As noted above, however, the legal question at issue in Rogers was (like that at issue in Pestel Milk) whether the covenant not to compete became a part of and continued to be a condition of the employee’s employment with the new owner of the business and, thus, was triggered upon the termination of the employment with the new business owner. Here, appellee resigned his employment with Drustar before the asset sale and was never employed by appellant. Therefore, no additional burdens were placed upon appellee as a result of the asset sale or the assignment of the noncompetition agreement.

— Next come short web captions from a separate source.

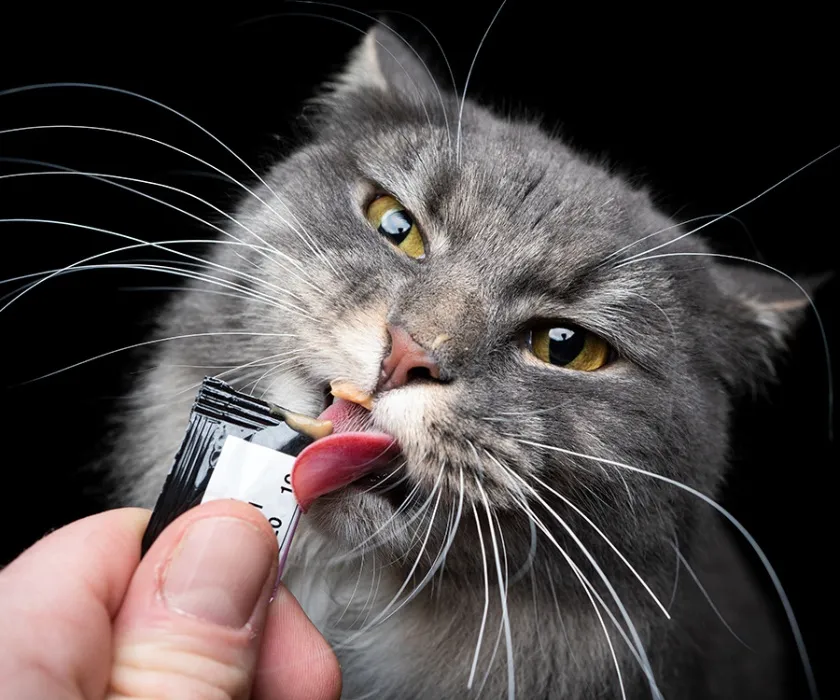 tube cat treats 2!!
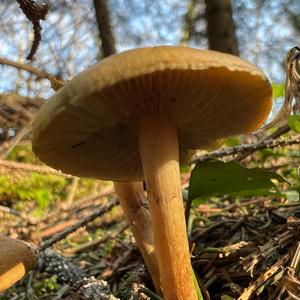 Smoky-gilled Hypholoma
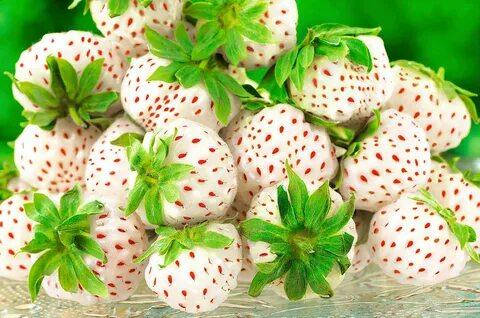 Ішінде спермы бар машинада орыс секс Менің әйелім аналық соратын үйден түскен фото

Since appellee could hardly avoid his obligations under the noncompetition agreement had Drustar itself imposed additional burdens on its sales representatives after appellee left, there is no logical reason why such changes by appellant after the sale should affect the obligations of appellee under the agreement. Nothing in Rogers, supra, suggests that it does.
Here, appellant seeks to enforce the noncompetition agreement pursuant to its terms for the one-year period commencing from appellee’s resignation from Drustar on January 25, 1999. Appellant’s ability to do so is specifically approved by the court’s analysis in Safier’s, supra, and is implicitly recognized under this court’s decision in Pestel Milk, supra.
For the foregoing reasons, we find that the trial court erred in holding that Drustar’s rights under the noncompetition agreement were nonassignable as a matter of law. Appellant’s single assignment of error is well taken, and the judgment of the Franklin County Court of Common Pleas is reversed and remanded for further proceedings not inconsistent therewith.
Judgment reversed and cause remanded.